The first concession was when the persecutions ceased and the emperor was converted to Christianity. The new religion now had liberty of worship, large crowds of worshipers to house, and great wealth with which to build. It at once ignored as quite impracticable the injunction of Jesus that his followers should worship God in spirit only, without temples. All Christians have ignored it ever since. The real reason is that no religion would survive so severe a test as that. The flock needs shepherds, and the shepherds need dogs. The idea of the consecrated caste of priests and of the “mass” had already been developed in the Church. There was now a priesthood with an instinct of self-preservation.

So the Church decided at once to have large places of worship — basilicas, they called them — built with the gold of Constantine and his successors. Architects dispute whether these primitive churches were built on the model of the Roman public basilica (or public hall) or of the private hall in a large Roman house in which the Christians had hitherto been accustomed to meet, or some other type. That does not concern us. The main idea was to avoid the model of the Greek or Roman temple.

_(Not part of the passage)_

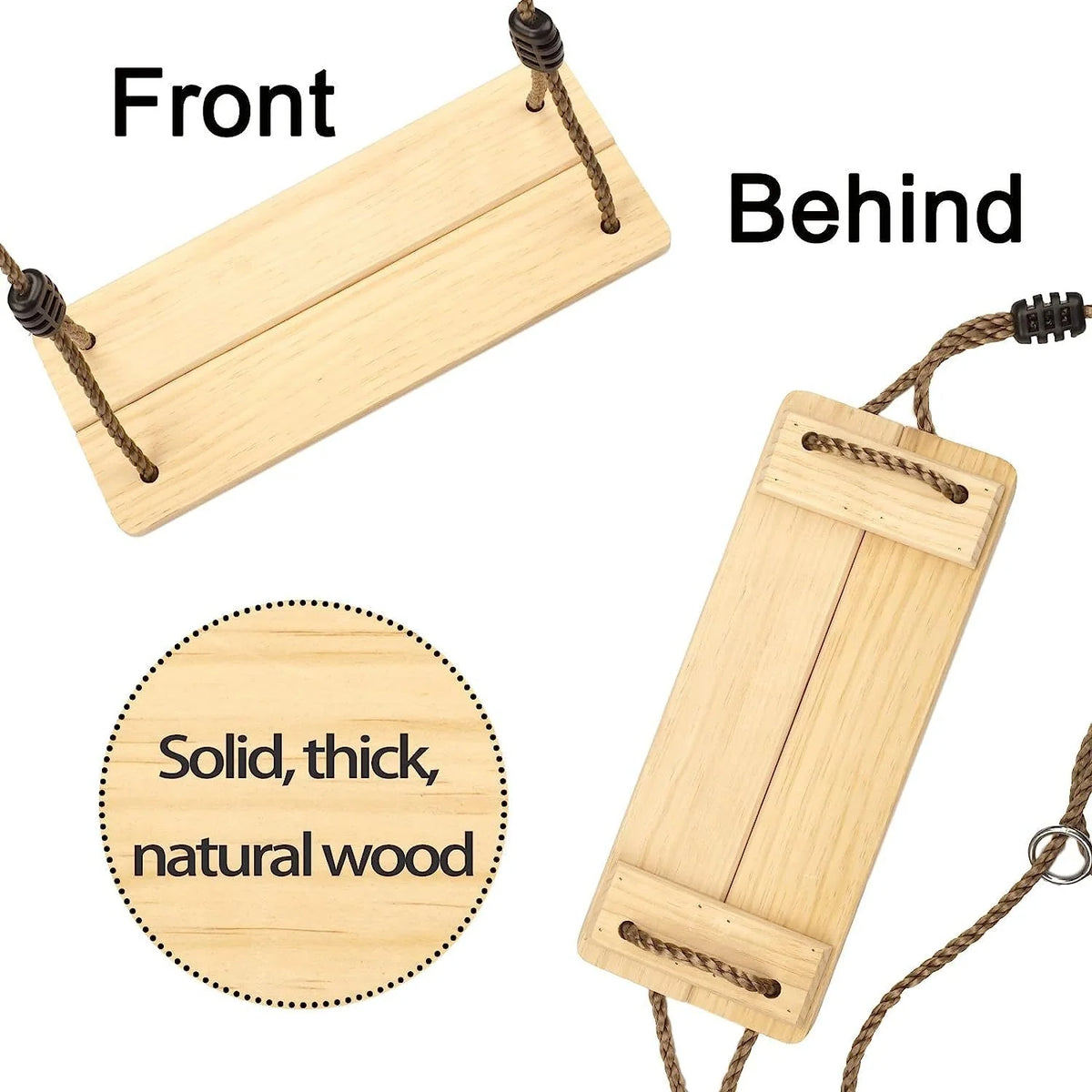 Wooden Swing Seat Natural Pine Adjustable Rope Mounting Kit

But from the first, concessions were made to human nature and to the ambitions of the priests themselves. The basilicas were handsome structures, often richly decorated. Luebke, who is more disposed to say a word now and again in favor of religion, speaks of these fourth-century basilicas as “superb” and “impressive.” Reber, who is more detached and conscientious, speaks of “meager and monotonous architecture” with “magnificent colored decoration.”

It is enough that the Church began at once to employ art. It gave art no inspiration. Rome was at the time a glorious city, with miles of beautiful marble temples, public buildings, triumphal arches and colonnades, and this early Christian art certainly did not rise above its models. But the cult of Apollo had begun. The Church was not yet in a position to compel the pagans to join it. They had to be attracted. And, since the story of Jesus did not seem very effective in that respect, and the Romans shrank from its bleak asceticism, the artist had to be introduced.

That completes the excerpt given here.